Estamos aqui para eu te responder à pergunta que me tinhas feito, respondi-lhe. Como sabes, foi nesta igreja que foste baptizado.
– Pois foi, eu lembro-me de ver algumas fotografias a deitarem-me água na cabeça…, interrompeu o Francisco.
Sim, é verdade, confirmei. O baptismo tem vários símbolos, mas o mais importante é o facto de ele nos introduzir na grande família do povo de Deus, isto é, a Igreja, que está presente em toda a terra. Era aqui que os Pastorinhos vinham à Missa, à catequese e rezar.
– Mas então não era no Santuário?, perguntou ele.
Sabes Francisco, antes de haver o Santuário, já existia esta igreja paroquial. Era aqui que os pais dos Pastorinhos, os próprios Pastorinhos e as pessoas daquele tempo, se juntavam para louvar a Deus.

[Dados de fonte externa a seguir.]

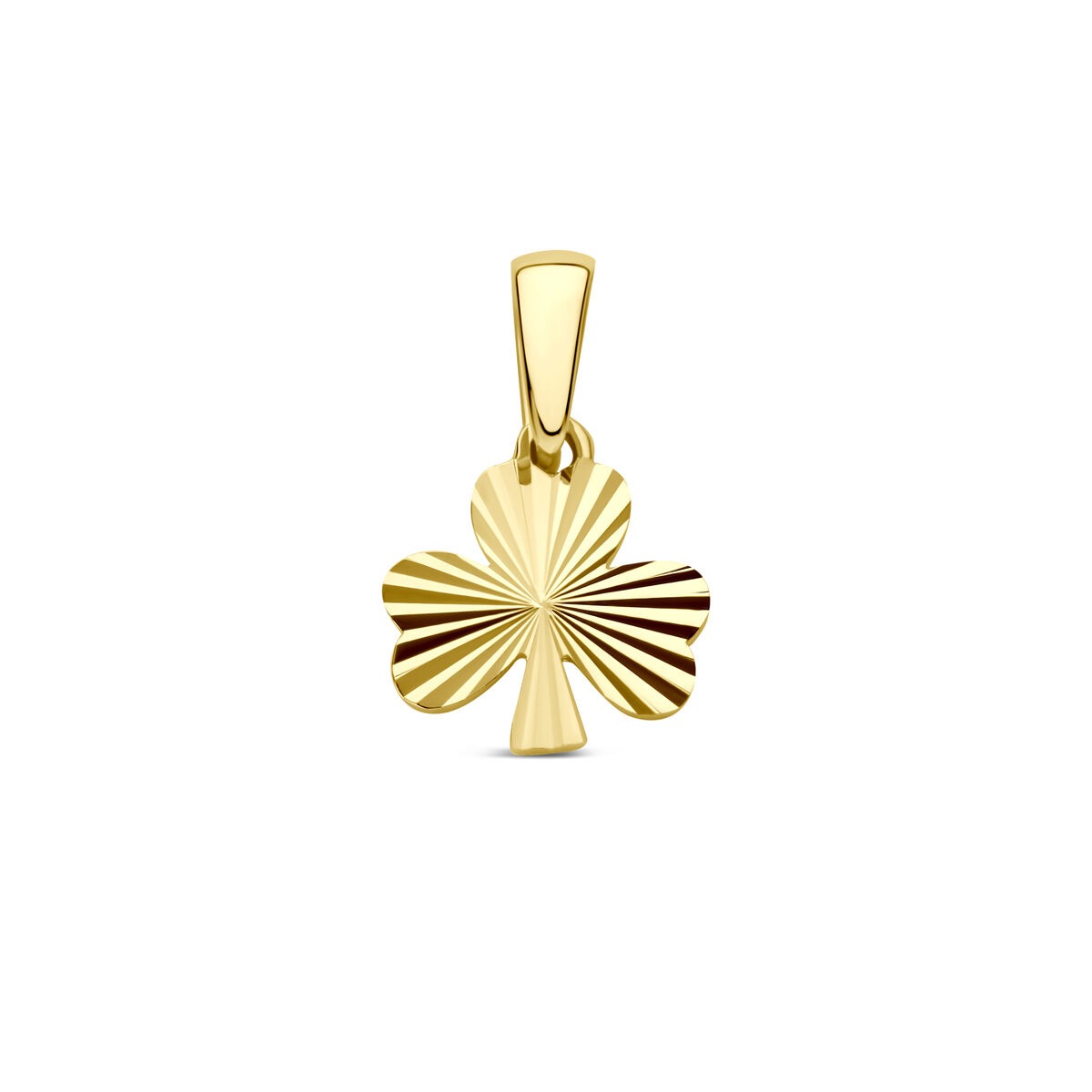 Pendentif en or jaune 14 carats en forme de trèfle, avec des rayures décoratives.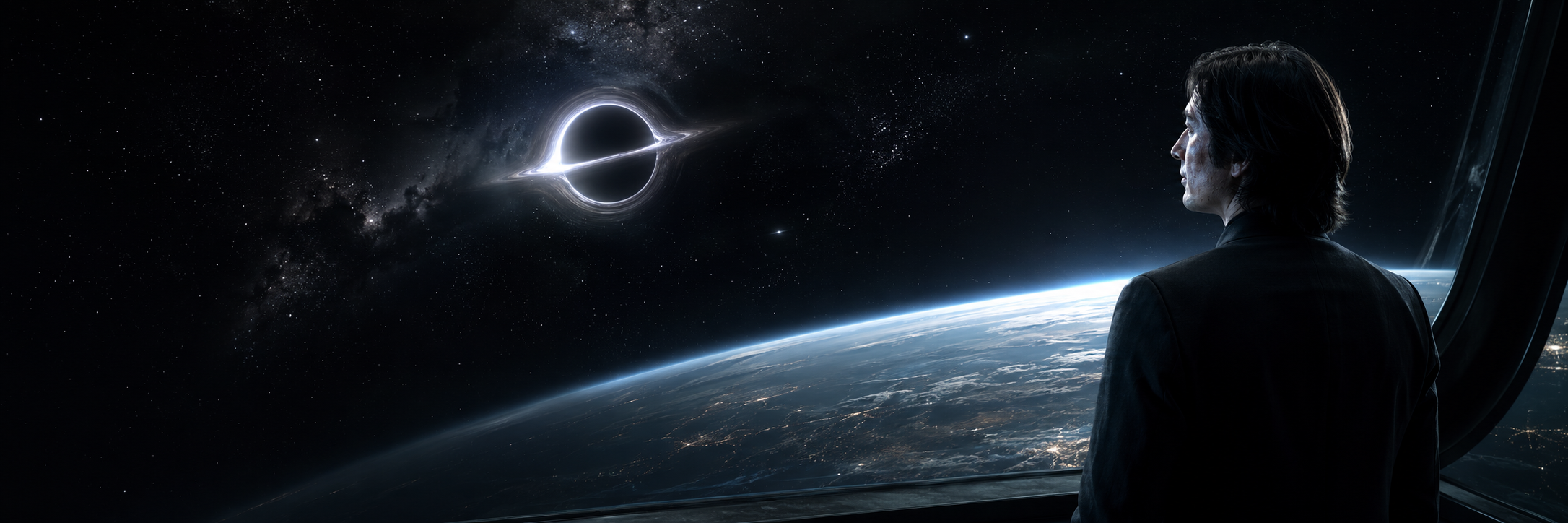 A figure looking out a spacecraft window toward a distant black hole above Earth
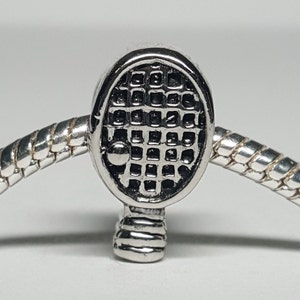 Silver Tennis Racquet Charm for European Bracelets
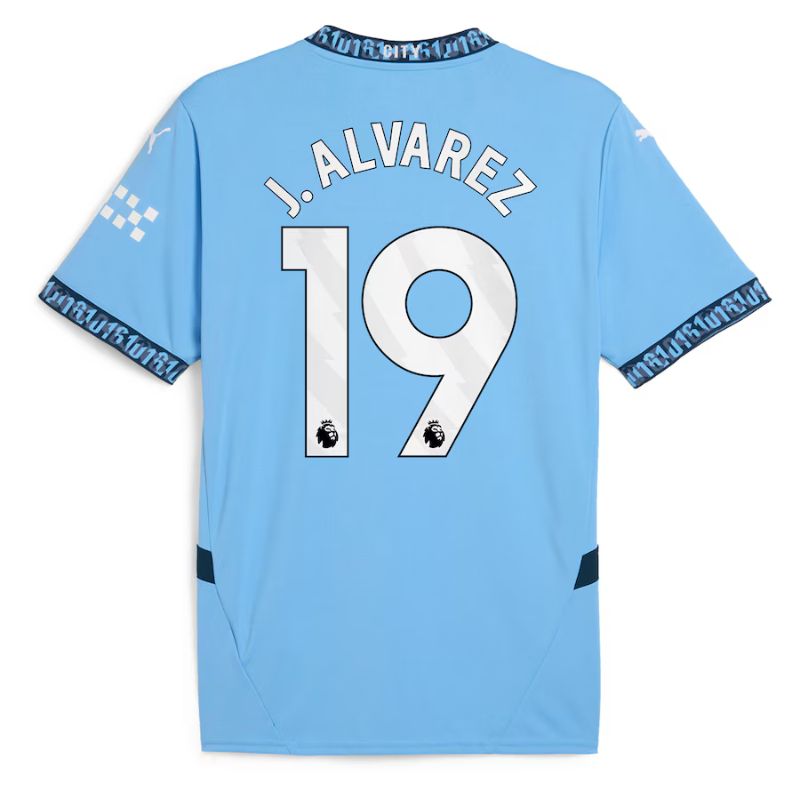 Manchester City 24/25 Home Jersey J.Alvarez #19 back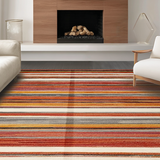 Ultra Soft Area Rug, Non Slip, Stain Resistant, Washable Area Rugs for Living Room, Bedroom, Rustic Earthy Striped Motif(Red)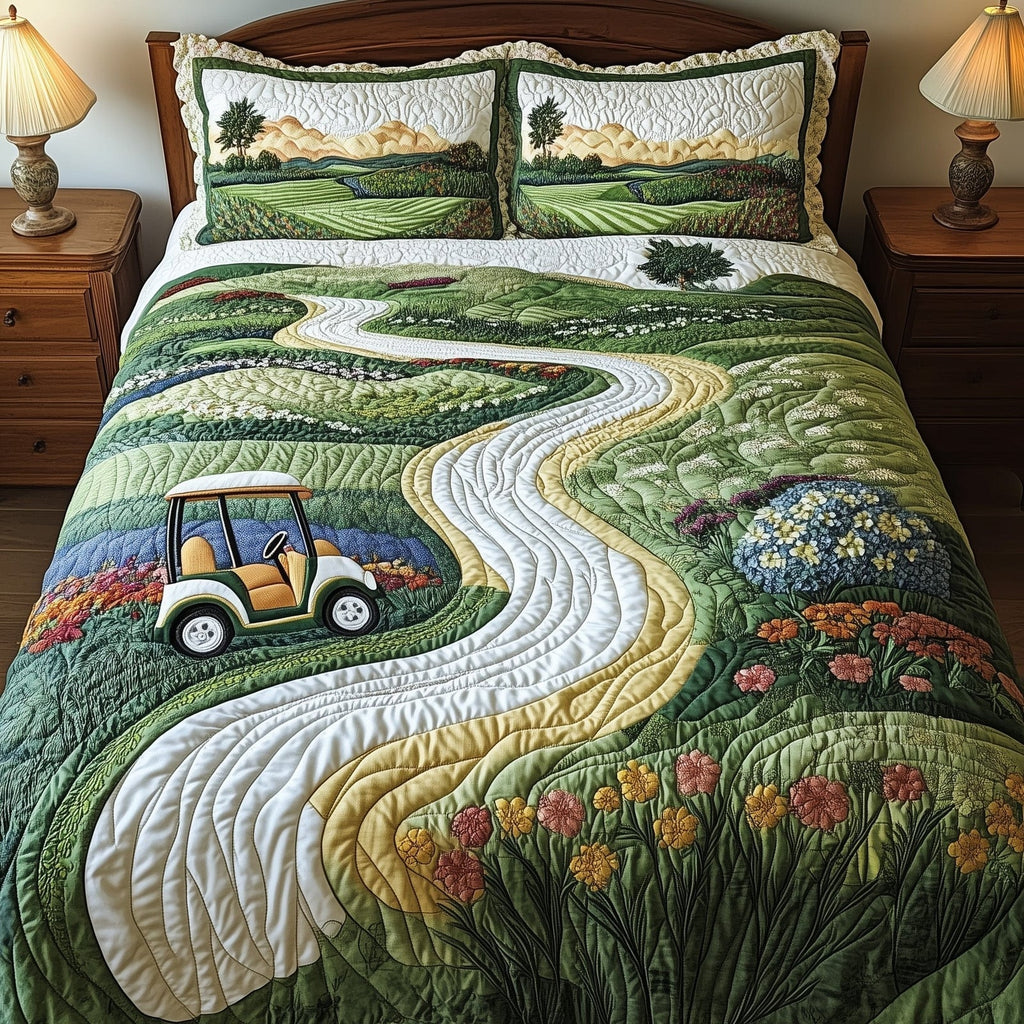 Golf Course Landscape Quilted Bedding Set, Fairway Quilt Blanket, Quilt with Pillow Covers, Bedroom Decor QBEDSET75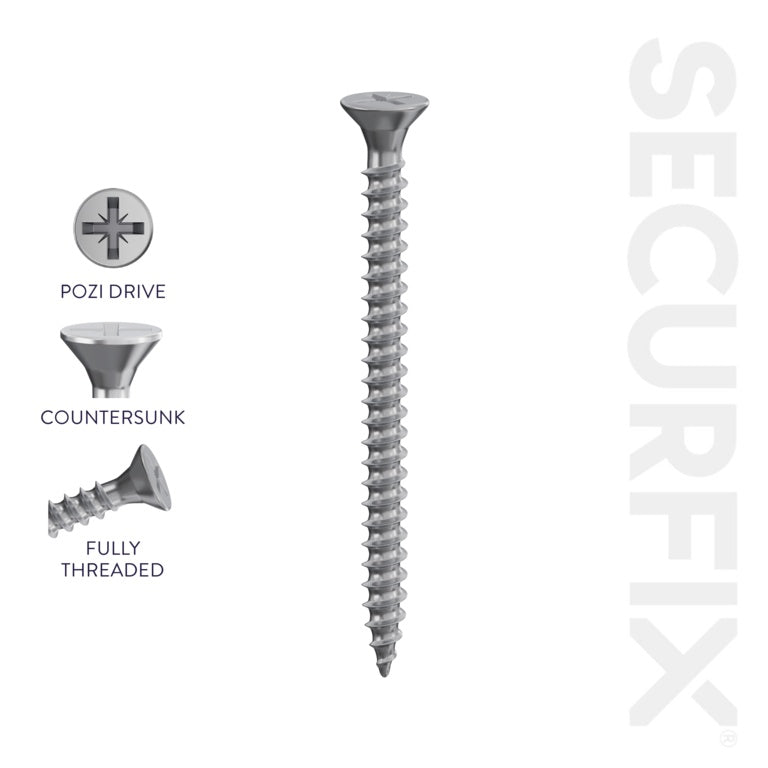 A2 Stainless Steel Multi-Purpose Screws - 10 x 2 ¾"-5.0 x 70mm | Pack of 100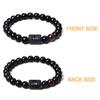 12 Constellation Zodiac Signs Beads Couple Bracelet Natural Black Onyx Stone
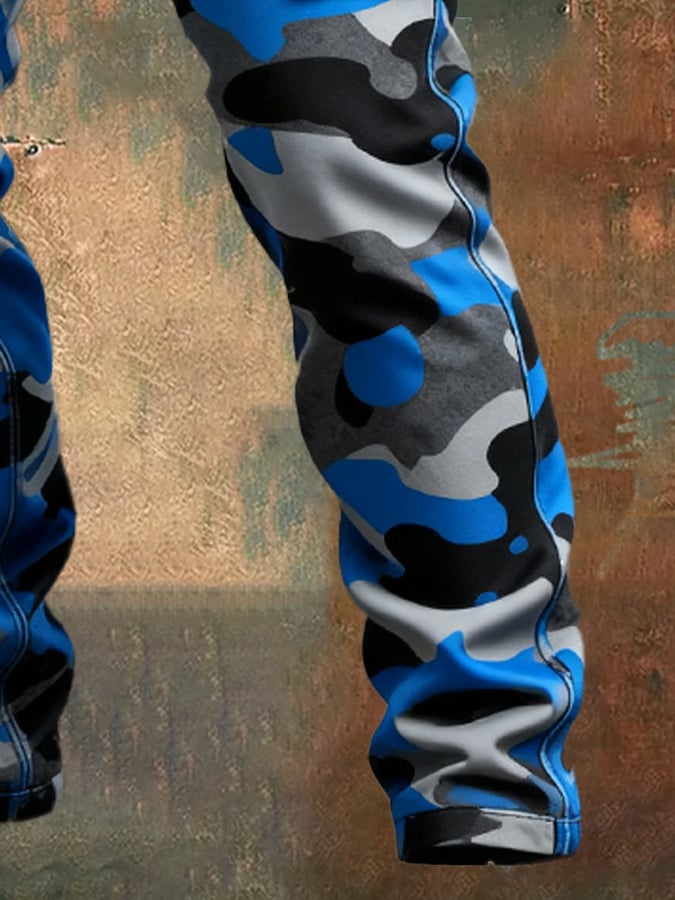 Men's Vintage Camouflage Distressed Pocket Work Pants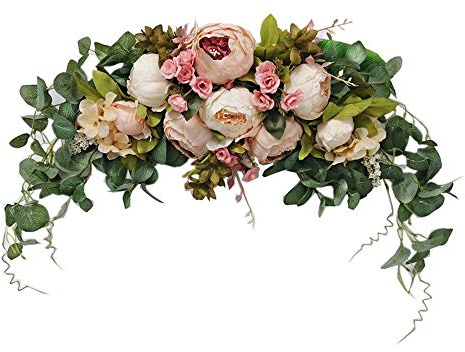 Wedding Arch Flowers, 30 Inch Rustic Artificial Floral Swag for Door Lintel, Green Leaves Rose Peony Sunflowers Table Centerpieces Home Decoration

Era também aqui que os Pastorinhos gostavam de estar a sós com Jesus, ou melhor, com “Jesus escondido”, como eles costumavam dizer.
– Ó pai, porque é que Jesus se esconde?
Pois é filho, é aqui que entra o coração. Quem tiver um coração bom e acreditar que Jesus nos salvou, sabe que Jesus está sempre connosco, apesar de não o vermos.
– A sério pai, Jesus anda sempre comigo?, interpelou ele.
Sim, Francisco, é verdade, Jesus está sempre connosco, repliquei.
– Mesmo quando eu vou andar no escorrega?, insistiu.
Não tenhas dúvidas, Francisco, quando conheceres bem Jesus, vais saber que Ele é o nosso melhor amigo e que sempre nos acompanha, nos bons e nos menos bons momentos da vida. Apesar de não O vermos, se estivermos atentos, há muitas situações em que O podemos sentir presente. É como o vento, não o conseguimos ver, mas sentimo-lo no corpo, ele abana as folhas das árvores e até produz energia.
Voltando aos Pastorinhos que vinham aqui rezar, deixa-me salientar de forma especial a figura do Francisco. Conta-nos a Irmã Lúcia que o «Francisco era de poucas palavras; e para fazer a sua oração e oferecer os seus sacrifícios, gostava de se ocultar até da Jacinta e de mim [Lúcia]. Não poucas vezes o íamos surpreender, atrás duma parede ou dum silvado, para onde, dissimuladamente, se tinha escapado, de joelhos, a rezar ou a pensar, como ele dizia, em Nosso Senhor, triste por causa de tantos pecados. Se lhe perguntava: – Francisco, por que não me dizes para rezar contigo e mais a Jacinta?
– Gosto mais – respondia – de rezar sozinho, para pensar e consolar a Nosso Senhor que está tão triste. (…) Quando ia à escola, por vezes, ao chegar a Fátima [igreja paroquial], dizia-me:
– Olha: tu vai à escola. Eu fico aqui na igreja, junto de Jesus escondido. Não me vale a pena aprender a ler; daqui a pouco vou para o Céu. Quando voltares, vem por cá chamar-me».
Como vês, filho, o pastorinho Francisco passou muitas horas diante do sacrário a fazer companhia a Jesus. Com poucas palavras, como que privilegiando a presença, pois o mais importante era estar aqui, a sós. Jesus e Francisco falavam de coração a coração. Para o Francisco o mais importante era consolar a Nosso Senhor e depois converter os pecadores. Para tal servia-se daquilo que ia no seu íntimo para o dizer a Jesus. Neste silêncio comprometido, exprimia o que sentia na certeza que o seu Amigo o compreendia melhor do que se ele dissesse mil palavras.
– Pai, obrigado. Acho que já entendi o que é falar com o coração, mas não sei se vou ser capaz de falar assim, interrompeu o Francisco com ar de preocupado.
Claro que vais; só o facto de o desejares já é meio caminho andado, disse eu, procurando sossegá-lo!
Virgem Maria, guardai-nos no vosso Imaculado Coração, sede o refúgio dos pecadores e conduzi-nos ao vosso Filho Jesus, a quem queremos ter sempre por amigo.